(EXERCISE DESCRIPTION) Reproduce, exactly and in full, only the lines below from the one containing "Adorno Metálico Navidades" through the one containing "Sterling Silver Rhodium-plated".

(MATERIAL FOR THIS TASK)

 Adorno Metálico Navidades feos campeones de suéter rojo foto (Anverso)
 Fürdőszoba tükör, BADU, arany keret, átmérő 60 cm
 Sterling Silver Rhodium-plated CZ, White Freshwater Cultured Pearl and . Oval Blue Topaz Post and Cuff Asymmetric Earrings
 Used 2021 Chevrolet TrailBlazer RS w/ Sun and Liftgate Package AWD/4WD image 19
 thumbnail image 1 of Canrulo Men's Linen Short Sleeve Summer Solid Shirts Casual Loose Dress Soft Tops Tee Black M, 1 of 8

...

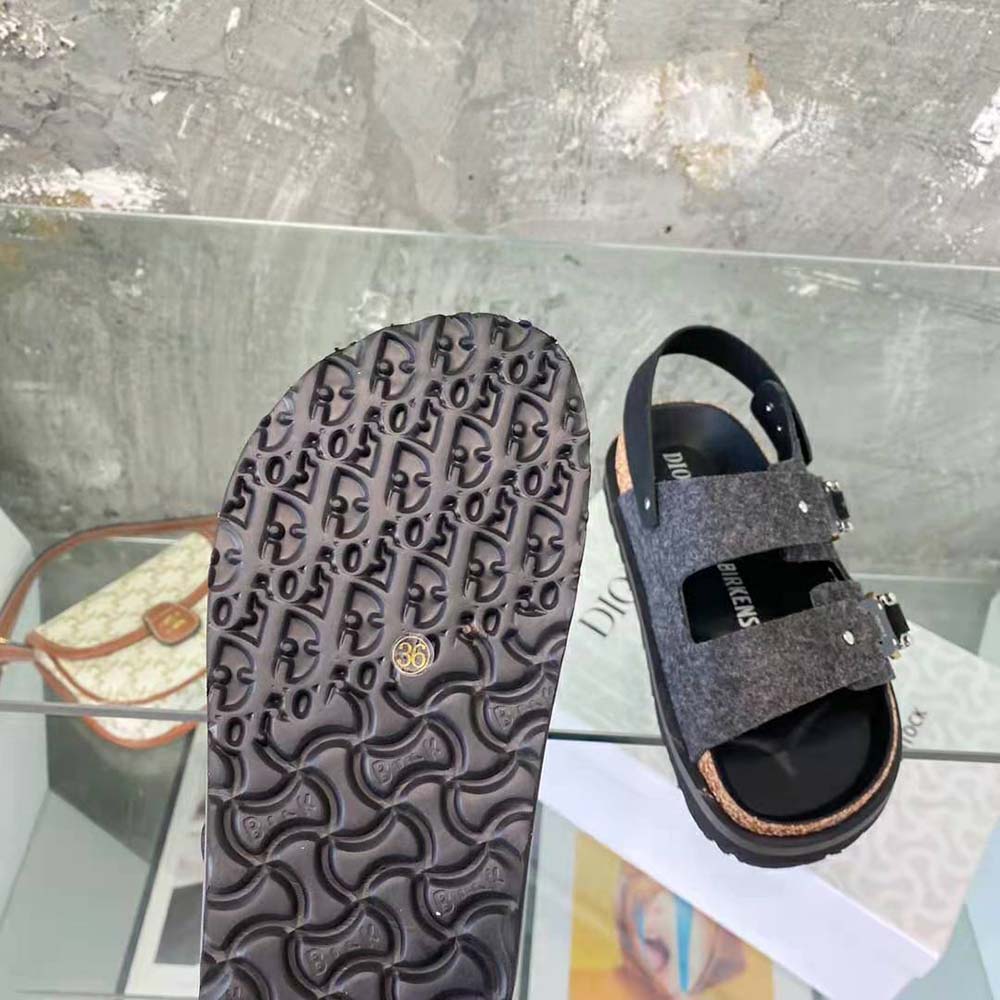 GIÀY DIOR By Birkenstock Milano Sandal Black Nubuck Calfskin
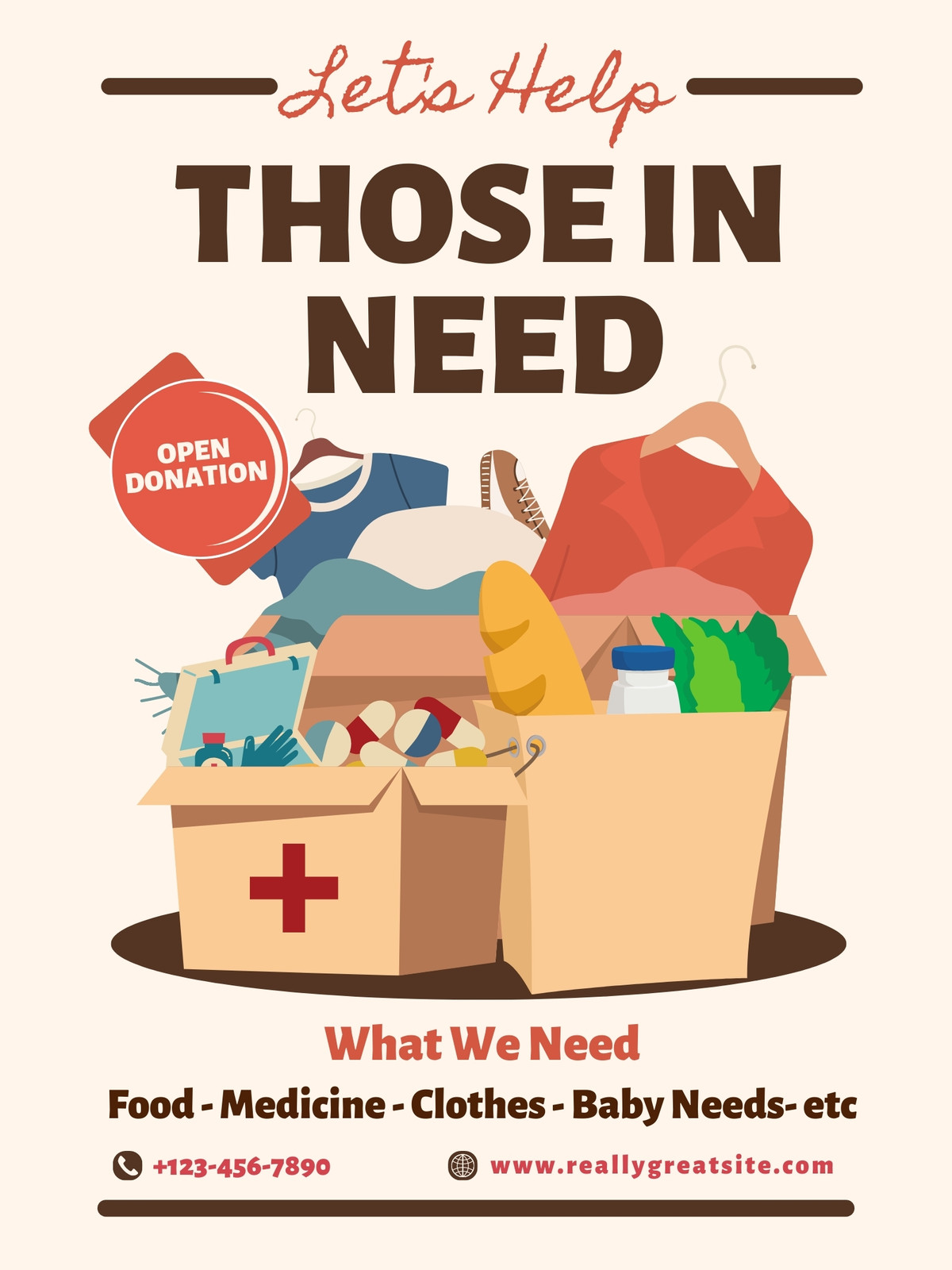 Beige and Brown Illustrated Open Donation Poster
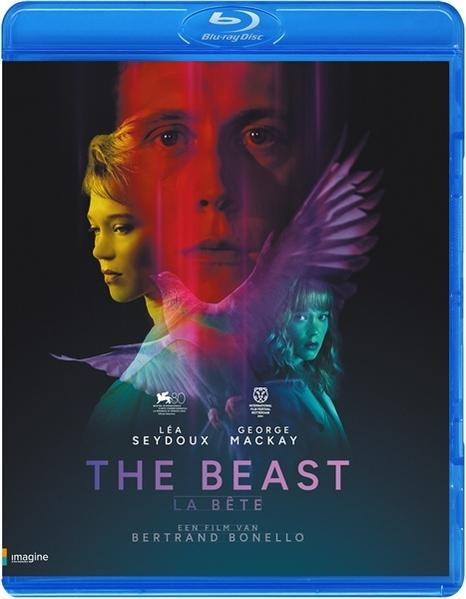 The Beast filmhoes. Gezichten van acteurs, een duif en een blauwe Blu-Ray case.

==

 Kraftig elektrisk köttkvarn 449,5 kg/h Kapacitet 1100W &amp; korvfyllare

(EXERCISE RESPONSE)
 Adorno Metálico Navidades feos campeones de suéter rojo foto (Anverso)
 Fürdőszoba tükör, BADU, arany keret, átmérő 60 cm
 Sterling Silver Rhodium-plated CZ, White Freshwater Cultured Pearl and . Oval Blue Topaz Post and Cuff Asymmetric Earrings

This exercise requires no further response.